Perros potencialmente peligrosos: qué dice la normativa vigente en Alta Gracia y cuáles son las obligaciones de los propietarios

Tras el trágico caso de un niño que murió luego de ser atacado por un perro, vuelve a ponerse en debate la tenencia responsable y el cumplimiento de las normas que regulan la presencia de animales potencialmente peligrosos. En Alta Gracia existe normativa municipal y, además, rige una ley provincial específica.

El trágico fallecimiento de un niño luego del ataque de un perro generó nuevamente preocupación y abrió el debate sobre la tenencia responsable, la prevención y el control de animales potencialmente peligrosos.

En este contexto, Carolina Romagnoli, titular de ADMA señaló que la peligrosidad de un perro no está determinada exclusivamente por su raza, sino que intervienen distintos factores relacionados con su crianza, socialización, contexto y características físicas.

“Los perros no nacen peligrosos, la raza sola no define si un perro va a morder o no”, explicó Romagnoli, conmocionada aún por lo ocurrido como la sociedad de Alta Gracia, quien destacó que existen determinadas situaciones que pueden favorecer conductas agresivas.

Entre ellas mencionó la presencia de una hembra en celo en cercanía de un macho sin castrar, el aislamiento permanente, permanecer atado, la falta de socialización con otros animales y personas y también la crianza orientada a generar conductas agresivas.

Sin embargo, aclaró que el tamaño y la fuerza del animal sí pueden determinar la gravedad de las lesiones ante un eventual ataque.

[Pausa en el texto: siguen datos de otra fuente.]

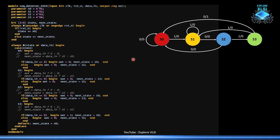Now we write the Verilog code. For four states we need four parameters: S0, S1, S2, S3 with values like one, two, three, four. We have a current state and a next state register, both 3 bits wide. The sequential block is sensitive to the positive edge of clock or negative edge of reset — this is asynchronous active-low reset. When reset is low, state goes to S0; otherwise, on each clock edge, next state is assigned to current state.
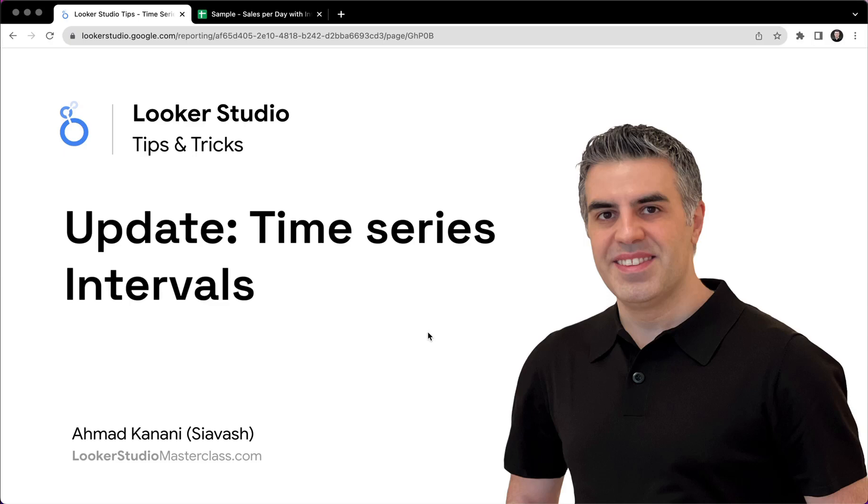Hello, Ahmed Kanani here with another video from the Looker Studio Tips and Tricks series. This time we've got an update, the time series intervals.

No es igual, explicó, la capacidad de daño de un perro pequeño que la de un animal de gran porte y mandíbula fuerte.

Qué normativa rige en Córdoba

La regulación de la tenencia de estos animales no depende únicamente de una ordenanza municipal. En la provincia de Córdoba se encuentra vigente la Ley Provincial 9.685, sancionada en 2009, que establece normas para la tenencia y circulación de perros potencialmente peligrosos.

La legislación no se limita exclusivamente a determinadas razas, sino que contempla también características como la contextura física, la fuerza mandibular, la capacidad de provocar lesiones graves y determinadas conductas agresivas.

Entre las principales obligaciones que establece la normativa se encuentran:

En la vía pública, los perros alcanzados por la regulación no pueden circular sueltos y deben hacerlo con bozal adecuado y cadena o correa no extensible de hasta 1,50 metros.

No pueden ser conducidos por menores de 16 años, ni por personas alcoholizadas o que presenten alteraciones psicofísicas que puedan impedir un manejo responsable.

En los domicilios, deben permanecer en espacios cerrados y seguros, con cercos o paredes resistentes que impidan que el animal pueda escapar.

La normativa establece además condiciones para los cercos, rejas y alambrados, de manera que el perro no pueda sacar el hocico hacia el exterior.

Otro de los requisitos establecidos es la contratación de un seguro de responsabilidad civil destinado a cubrir eventuales daños que el animal pudiera ocasionar.

También existe normativa municipal

En Alta Gracia existe además una normativa local que contempla distintas acciones vinculadas con el cuidado, control y salud de los animales, incluyendo campañas de prevención y educación sobre tenencia responsable.

La regulación municipal establece, entre otras cuestiones, el uso de collar, correa y bozal en la vía pública de acuerdo con las características del animal y contempla distintas acciones relacionadas con la prevención y el cuidado.

Según explicó Romagnoli, la normativa local no se centra exclusivamente en razas.

“Las normas siempre son perfectibles”, sostuvo, aunque consideró que también es necesario avanzar en una mayor difusión y control de las disposiciones existentes.

Responsabilidad compartida

Desde ADMA remarcaron que la prevención requiere un trabajo conjunto entre el Municipio, las instituciones y la sociedad, con especial énfasis en la educación y la tenencia responsable.

“Cuando decidimos sumar un animal a nuestras vidas es una experiencia maravillosa, pero requiere una gran responsabilidad y cuidados del animal y de la comunidad que integramos”, expresó Romagnoli.

La especialista también reconoció que, incluso tomando todas las precauciones, ninguna medida garantiza por sí sola que no pueda ocurrir una fatalidad, pero consideró fundamental trabajar sobre aquellos factores que sí pueden prevenirse y sobre el cumplimiento efectivo de las normas.

El debate vuelve a instalar así una pregunta central: ¿cómo fortalecer los controles y la responsabilidad de los propietarios para prevenir ataques y proteger tanto a las personas como a los propios animales?